Source code for paper:
ORIS: Online Active Learning Using Reinforcement Learning-based Inclusive Sampling for Robust Streaming Analytics System
Requirements:
- Python 3.7
- PyTorch (stable version from https://pytorch.org/get-started/locally/)
- HuggingFace
- Transformers (https://huggingface.co/docs/transformers/index)
- Datasets (https://huggingface.co/docs/datasets/index)
- Scikit-learn (https://scikit-learn.org/stable/install.html)
- SciPy (https://scipy.org/install/)
- NumPy (https://numpy.org/install/)
- tqdm (https://github.com/tqdm/tqdm)
Model directory contains trained ORIS model.
Data directory contains filtered Twitter and Reddit data adapted from HuggingFace Datasets.
Original data:
- Twitter (https://huggingface.co/datasets/dair-ai/emotion)
- Reddit (https://huggingface.co/datasets/go_emotions)

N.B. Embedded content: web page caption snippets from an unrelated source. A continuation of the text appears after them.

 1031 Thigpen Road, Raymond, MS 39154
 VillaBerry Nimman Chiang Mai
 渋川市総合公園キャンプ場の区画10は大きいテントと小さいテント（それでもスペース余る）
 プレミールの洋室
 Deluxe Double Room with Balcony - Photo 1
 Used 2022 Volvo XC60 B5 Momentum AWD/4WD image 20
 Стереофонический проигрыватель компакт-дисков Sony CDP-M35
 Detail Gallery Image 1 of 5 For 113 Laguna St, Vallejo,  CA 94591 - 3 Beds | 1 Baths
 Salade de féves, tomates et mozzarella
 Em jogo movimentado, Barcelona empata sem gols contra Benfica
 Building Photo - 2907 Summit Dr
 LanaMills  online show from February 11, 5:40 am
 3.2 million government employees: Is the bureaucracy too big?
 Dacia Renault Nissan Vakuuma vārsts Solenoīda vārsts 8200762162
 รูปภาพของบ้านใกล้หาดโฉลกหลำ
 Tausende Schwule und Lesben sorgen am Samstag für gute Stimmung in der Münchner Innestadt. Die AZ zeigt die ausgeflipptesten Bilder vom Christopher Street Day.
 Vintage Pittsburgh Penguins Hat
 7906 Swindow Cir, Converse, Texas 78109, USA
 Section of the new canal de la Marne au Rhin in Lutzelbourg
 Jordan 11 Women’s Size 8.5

Steps to replicate the experiments:
- Create a virtual environment
python -m venv venv
- Activate virtual environment
source venv/bin/activate
- Install and verify all packages mentioned before:
cat requirements.txt | xargs -I {} pip install {}
- Make the experiments script executable:
chmod +x run_experiments.sh
- Run the script to get the result:
./run_experiments.sh